Любящая Вас крепко и всегда Наташа».

Бабушка старалась всегда быть в форме — тщательная прическа с «бабочкой» по бокам пробора, идеальная блузка с черной старинной брошью, тяжелые серьги в ушах. Раневская подарила Павле Леонтьевне золотое колечко с синим камнем, тросточку с янтарной загнутой ручкой — как у Абдулова. Еще Раневская, уже в 50-х годах, привезла нам застекленный книжный шкаф и деревянную люстру — из комнаты на Старопименовском. Люстра у нас и сейчас.

Вот и все их хорошевское богатство.

Несколько раз справляли вместе с Фаиной Георгиевной Новый год. Наш двухэтажный коттедж был населен актерами Театра Моссовета: внизу жили Пироговы, Осиповы, Парфеновы, Бенкендорфы-Злобины; наверху — Названовы-Викланд и наша семья. Все дружили; пожалуй, только Названовы существовали особняком. Маленькая Лена Осипова училась кататься во дворе на фигурных коньках, и никто не знал, что она станет чемпионкой и известным тренером Еленой Чайковской. На Новый год к нам поднимался Люся (Леонид) Пирогов, племянник знаменитого певца Большого театра Пирогова, и, видя Раневскую, своим мощным басом грохотал восхищенно: «Фаина Георгиевна, честное слово, честное слово, Фаина Георгиевна, даю вам честное слово, и т. п.». Целовал руки, становился на колени, глаза на мокром месте — это было растворение личности в обожаемом Таланте. Он, по словам Раневской, очень одаренный актер, играл мало, как и большинство актеров огромной труппы Театра Моссовета.

Я еще не понимал этого благоговения перед Фуфой и в детстве позволял себе нагловато и бесцеремонно садиться к ней на колени по ташкентской привычке.

«Как в кресло», — говорила Фуфа, наполненная противоречивыми чувствами. Невозможно забыть ее теплое, доброе дыхание, разговор — сидеть было очень уютно.

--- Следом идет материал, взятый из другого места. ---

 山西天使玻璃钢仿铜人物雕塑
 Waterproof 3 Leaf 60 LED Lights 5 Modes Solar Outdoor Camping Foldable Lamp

Раневскую нельзя представить без животных, которых она не то что любила, а жить без них не могла. Многих мы воспитывали вместе. Первым был Блэк — огромный эрдельтерьер, непослушный, как все домашние эрдели. Когда он вырос (это было у нас на Хорошевке), нашим пожилым женщинам стало трудно с ним справляться, а я был еще мал. Тогда Фаина Георгиевна отдала его своей подруге — Ирине Сергеевне Юккельсон, где он долго и счастливо жил в холе и неге.

Вместо необузданного Блэка Раневская завела чудесную черно-белую маленькую спаниеля — Мушку. Любила она ее, эти длинные уши, умный и кроткий взгляд, необычайно. Но собаку не уберегли — она умерла от чумки.

Первым котом был серый Кузя. Прожил он недолго, но упомянут в одном из писем Раневской. Зато второй кот, сиамский, взятый в семью моей мамой, прожил с нами почти двадцать лет. Назвали мы его Тики, в честь плота Тура Хейердала «Кон-Тики». Фаина Георгиевна сфотографировалась с ним у нас на Хорошевке, и этот портрет с котом и сигаретой в руке попал на обложку буклета о Раневской.